Take each line below that has "digital" and copy it.

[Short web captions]
§

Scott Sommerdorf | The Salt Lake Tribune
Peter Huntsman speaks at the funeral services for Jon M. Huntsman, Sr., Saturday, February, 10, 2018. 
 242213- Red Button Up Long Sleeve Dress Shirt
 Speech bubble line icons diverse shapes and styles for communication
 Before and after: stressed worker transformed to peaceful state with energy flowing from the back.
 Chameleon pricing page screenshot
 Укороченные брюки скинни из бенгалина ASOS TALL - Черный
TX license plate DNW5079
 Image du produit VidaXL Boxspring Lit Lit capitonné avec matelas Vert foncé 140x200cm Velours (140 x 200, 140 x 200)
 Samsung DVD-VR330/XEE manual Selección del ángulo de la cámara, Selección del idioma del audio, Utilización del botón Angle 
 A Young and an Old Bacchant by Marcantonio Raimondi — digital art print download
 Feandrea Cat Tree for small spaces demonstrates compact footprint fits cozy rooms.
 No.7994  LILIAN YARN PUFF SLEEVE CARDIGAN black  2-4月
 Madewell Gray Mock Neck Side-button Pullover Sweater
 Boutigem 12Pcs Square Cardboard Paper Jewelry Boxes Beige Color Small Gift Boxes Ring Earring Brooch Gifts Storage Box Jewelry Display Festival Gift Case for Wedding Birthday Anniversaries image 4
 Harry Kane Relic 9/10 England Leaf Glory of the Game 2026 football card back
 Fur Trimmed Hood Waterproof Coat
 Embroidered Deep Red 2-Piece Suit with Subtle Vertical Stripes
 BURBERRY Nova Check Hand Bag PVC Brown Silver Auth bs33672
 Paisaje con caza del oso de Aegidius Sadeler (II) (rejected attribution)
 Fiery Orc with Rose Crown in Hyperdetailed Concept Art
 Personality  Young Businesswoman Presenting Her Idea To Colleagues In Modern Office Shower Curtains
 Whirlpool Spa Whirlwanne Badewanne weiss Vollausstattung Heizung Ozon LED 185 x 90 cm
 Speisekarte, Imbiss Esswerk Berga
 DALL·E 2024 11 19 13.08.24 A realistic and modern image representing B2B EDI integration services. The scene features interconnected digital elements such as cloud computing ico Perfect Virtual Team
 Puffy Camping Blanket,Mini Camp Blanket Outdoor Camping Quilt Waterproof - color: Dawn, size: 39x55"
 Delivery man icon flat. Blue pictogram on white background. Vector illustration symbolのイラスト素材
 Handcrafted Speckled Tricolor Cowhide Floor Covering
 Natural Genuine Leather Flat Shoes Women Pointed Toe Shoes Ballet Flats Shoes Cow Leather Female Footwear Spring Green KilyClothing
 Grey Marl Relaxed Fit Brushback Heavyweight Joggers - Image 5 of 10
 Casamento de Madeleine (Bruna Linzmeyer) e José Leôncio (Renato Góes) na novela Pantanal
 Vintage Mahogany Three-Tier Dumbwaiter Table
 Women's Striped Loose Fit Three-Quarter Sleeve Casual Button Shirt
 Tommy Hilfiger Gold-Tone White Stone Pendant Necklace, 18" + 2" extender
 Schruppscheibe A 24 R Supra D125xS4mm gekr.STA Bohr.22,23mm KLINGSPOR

§

▶ _Output for this task_
 A Young and an Old Bacchant by Marcantonio Raimondi — digital art print download
 DALL·E 2024 11 19 13.08.24 A realistic and modern image representing B2B EDI integration services. The scene features interconnected digital elements such as cloud computing ico Perfect Virtual Team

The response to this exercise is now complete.